DIRECTIONS FOR THIS TASK: Range to output from the entries below: the line containing "Comedy Dundee Smart A*ses Pub Quiz" through the line containing "gebrauchtes Buch –". Set it down exactly, ends included, nothing else.
━━━━━ THE DATA
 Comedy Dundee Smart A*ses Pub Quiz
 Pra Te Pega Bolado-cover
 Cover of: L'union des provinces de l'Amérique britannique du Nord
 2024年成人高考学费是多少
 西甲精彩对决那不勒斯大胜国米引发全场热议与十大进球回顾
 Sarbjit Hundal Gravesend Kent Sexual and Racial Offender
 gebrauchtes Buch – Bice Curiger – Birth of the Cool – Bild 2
━━━━━━━━━━
━━━━━ THE DATA
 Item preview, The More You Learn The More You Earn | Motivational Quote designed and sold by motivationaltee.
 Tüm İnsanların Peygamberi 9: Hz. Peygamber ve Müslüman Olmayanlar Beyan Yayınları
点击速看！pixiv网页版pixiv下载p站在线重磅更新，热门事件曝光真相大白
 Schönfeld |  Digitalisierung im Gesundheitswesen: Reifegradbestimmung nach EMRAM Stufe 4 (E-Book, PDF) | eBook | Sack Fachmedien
━━━━━━━━━━
━━━━━ THE DATA
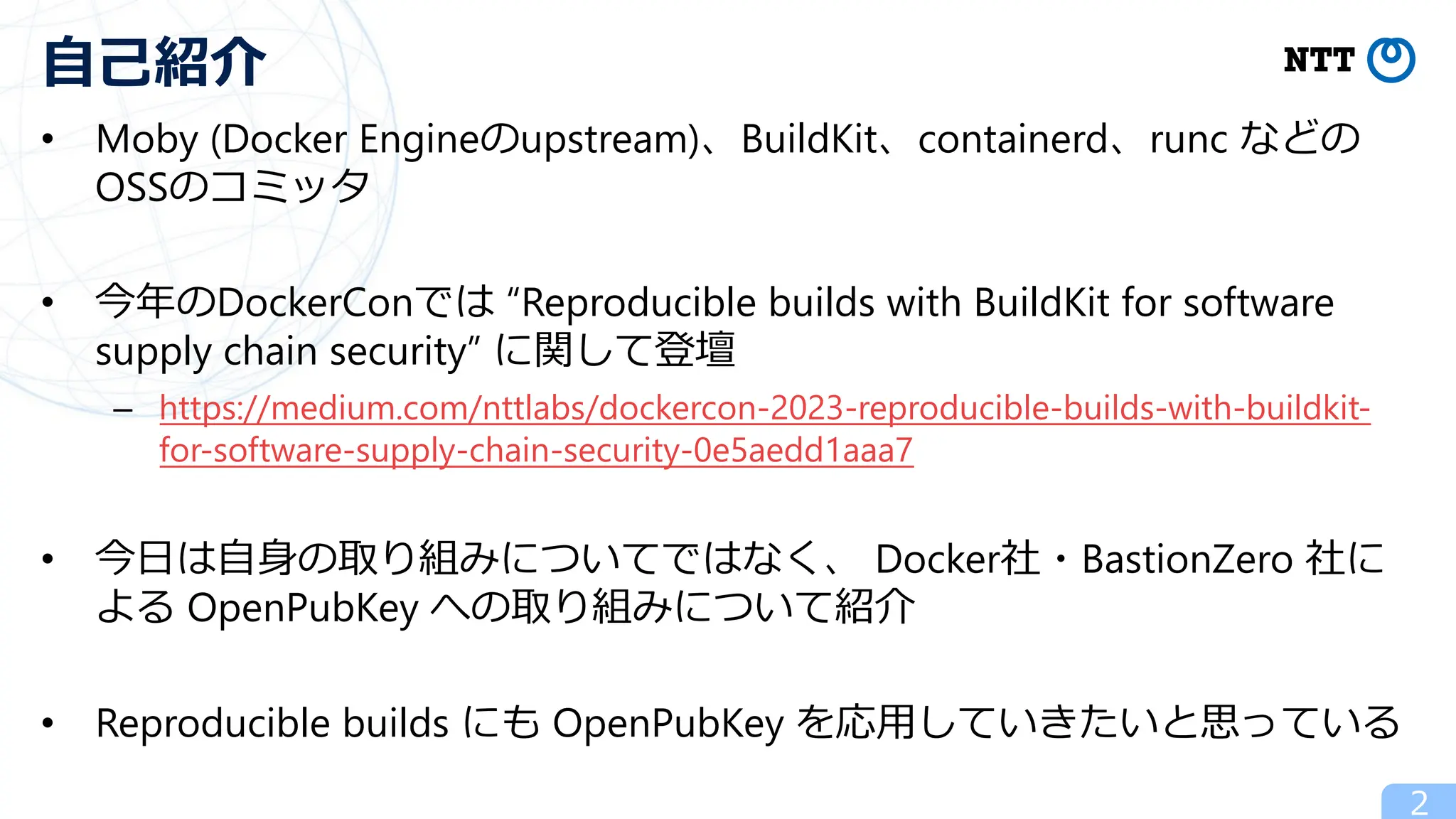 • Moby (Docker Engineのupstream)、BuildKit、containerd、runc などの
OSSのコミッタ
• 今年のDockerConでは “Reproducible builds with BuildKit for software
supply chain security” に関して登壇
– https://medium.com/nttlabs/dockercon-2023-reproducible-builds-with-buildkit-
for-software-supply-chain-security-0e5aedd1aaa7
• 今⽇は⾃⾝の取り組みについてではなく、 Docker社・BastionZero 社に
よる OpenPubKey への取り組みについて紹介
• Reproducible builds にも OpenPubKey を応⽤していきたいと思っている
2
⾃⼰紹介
━━━━━━━━━━
WRITTEN RESPONSE:
 Comedy Dundee Smart A*ses Pub Quiz
 Pra Te Pega Bolado-cover
 Cover of: L'union des provinces de l'Amérique britannique du Nord
 2024年成人高考学费是多少
 西甲精彩对决那不勒斯大胜国米引发全场热议与十大进球回顾
 Sarbjit Hundal Gravesend Kent Sexual and Racial Offender
 gebrauchtes Buch – Bice Curiger – Birth of the Cool – Bild 2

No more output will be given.